Why don’t microfinance banks submit their customers’ information to bureaus?
Some don’t have technical knowhow
compared to commercial banks where more technology is available. They
have to work in conjunction with their software vendors to submit data
to the credit bureaus. Some find it easy while some don’t.
Some based on the fact that they feel
they can handle those customers themselves without necessarily checking
with the credit bureaus; they don’t submit information to us. Reporting
customers’ information to credit bureau is free; it is only when you
need the report that it is paid for. It actually does not cost anything
to submit information to the credit bureau.
Are cooperative societies utilising the services of credit bureau?
We have one or two subscribers. The
appreciation of credit bureau is very low; that could be one of the
reasons. Some believe that they can manage without the use of a credit
bureau.
How do you ensure that the information you receive from banks on their customers is accurate?
When we collect the information from the
financial institutions, we don’t just upload it. It goes through a
series of processes; we check and validate before we actually load. We
compare with others. For instance, if something is given last month, and
we see some discrepancies, we get back to the banks to inform them and
they give updates. We have a process of checking before actually
uploading the information to the system. We go through some processes to
validate the clients’ information before uploading into our portal for
people to see. If by chance, there is a mistake, we have a dispute
process where a customer can actually complain about the information
given about them. There is a process we go through to have that
corrected.
The SMEs are still finding
it difficult to access loans from commercial banks. What role has credit
bureaus played in facilitating their access to loans?
We always advise people to get their
banks to submit their information to credit bureaus, especially if they
are doing well. Once you are doing well, it makes it easy to access
finance from other institutions because they can see the kind of
customer that you are. You are repaying your loans as and when due; you
don’t owe arbitrarily; you comply with the terms of offer of the bank.
It makes it easy for you to get finance from other places. Also, when
you are doing well in your obligations, you may be able to get even
lower rates from the banks based on your credit scores. You can
negotiate a lower interest rate from your bank. You can tell your bank
you have been taking credit facilities from other banks and have never
defaulted. Convince them that you are a low-risk customer and that you
should be able to take something off the interest rate as against
someone without a credit history. Those are some of the things we can do
to make sure the SMEs have access to finance from banks.
What role is the collateral registry expected to play in the financial services industry?
The collateral registry will help in a
lot of ways because we are expanding assets used as collateral.

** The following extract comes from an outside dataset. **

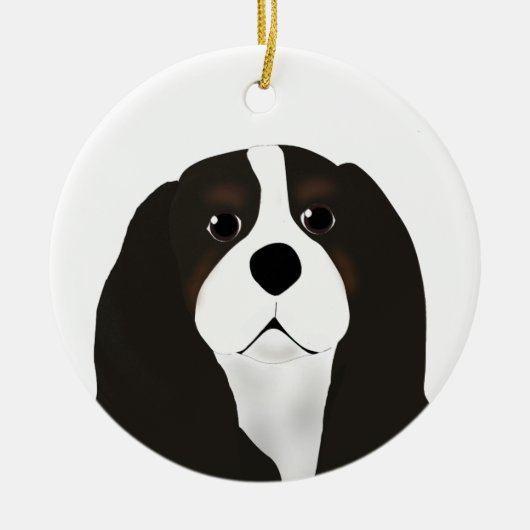 Cavalier King Charles Ornament (Vorne)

With the
collateral registry, people can use jewelleries and cars as collateral,
giving a wider range of collateral as opposed to tangible assets like
land or property often requested by banks. Now, it is gone beyond the
tangible assets. It means that financial institutions can also go to the
collateral registry to see if the collateral has been pledged to
someone else. It makes it easy because we find people using an asset as
collateral in one bank and using the same as collateral in another bank.